Notable changes:
- Updates the Linux kernel to the latest 6.12 LTS release (v6.12.91). This update mitigates several kernel vulnerabilities, including the Dirty-Frag local privilege escalation (CVE-2026-43284 and CVE-2026-43500), the CIFSwitch local privilege escalation in the CIFS client (CVE-2026-46243), a ptrace privilege issue (CVE-2026-46333), and the related Fragnesia privilege escalation in the ESP-in-TCP path (CVE-2026-46300). It also enables additional CPU side-channel mitigations.
- Updates Samba to version 4.22.10 to address multiple security vulnerabilities.
This Samba maintenance release resolves several CVEs, including a missing access check that let read-only users set or delete reparse point attributes (CVE-2026-1933) and a flaw in the WORM (Write Once, Read Many) module that allowed protected files to be overwritten by renaming a new file over them (CVE-2026-2340). See the Samba 2026 security release impact statement for the TrueNAS-specific impact assessment, or the Samba 4.22.10 release notes for the complete upstream list. - Fixes a potential double free when freeing blocks cloned after deduplication table pruning.
Blocks created through block cloning could be freed more than once if their deduplication table (DDT) entries had already been pruned, because the free path did not check the block reference table (BRT) first. - Fixes virtual machines stored on NFSv4.1 datasets failing to power on.
A change introduced in 25.10.2.1 could cause the NFSv4 change cookie to move backward after a file left the cache due to memory pressure, a remount, or a reboot. NFSv4.1 clients that depend on a monotonic change cookie, notably VMware ESXi, rejected the affected files. A virtual machine stored on an NFSv4.1-exported ZFS dataset then failed to power on with the error “The file specified is not a virtual disk.” This release reverts that change while a complete fix is finalized upstream. - Fixes a kernel crash in the iSCSI target layer during SCSI bus or LUN resets.
A use-after-free in the clustered locking path of the iSCSI target could crash the system during a SCSI reset, most often on Enterprise High Availability (HA) systems while a peer controller was leaving the cluster. The target layer now waits for lock teardown to complete before releasing the associated memory. - Improves iSCSI LUN replacement during High Availability failover.
On Enterprise HA systems, cleanup of a replaced LUN could stall during failover while a peer controller was being evicted from the cluster, which blocked later LUN replacements. Cleanup is now held until the cluster coordination it depends on has finished. - Fixes a validation error that blocked static network configuration on some High Availability systems.

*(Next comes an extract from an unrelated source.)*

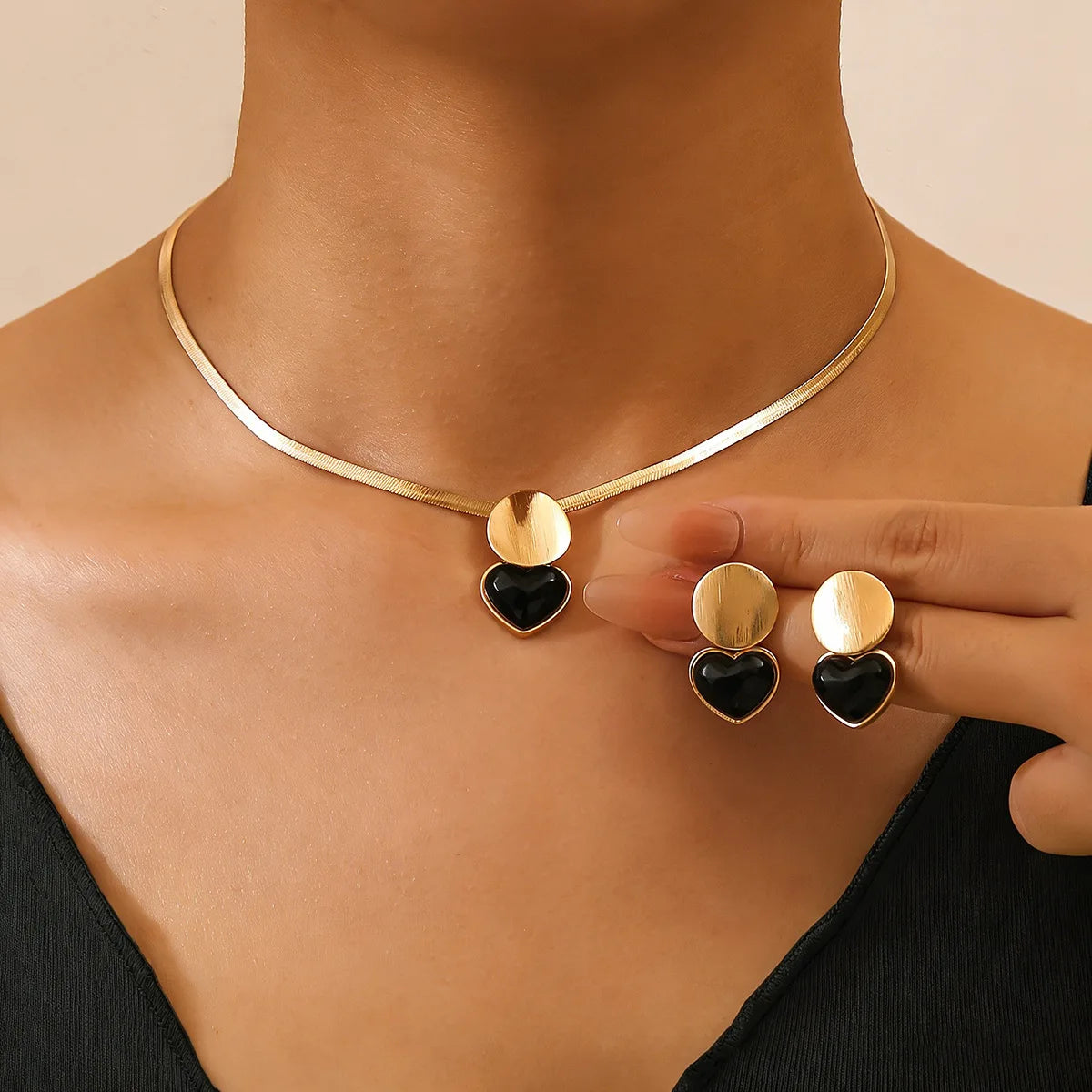 Parure Collier et Boucles d'Oreilles Cœur Doré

On HA-capable systems, saving a static network configuration could incorrectly fail with “Enabling DHCPv4/v6 on HA systems is unsupported” even when DHCP was not being enabled. This affected fresh installs before any interface had a saved configuration. The check now triggers only when DHCP or IPv6 autoconfiguration is explicitly enabled. - Improves Active Directory rejoin, reset, and recovery handling.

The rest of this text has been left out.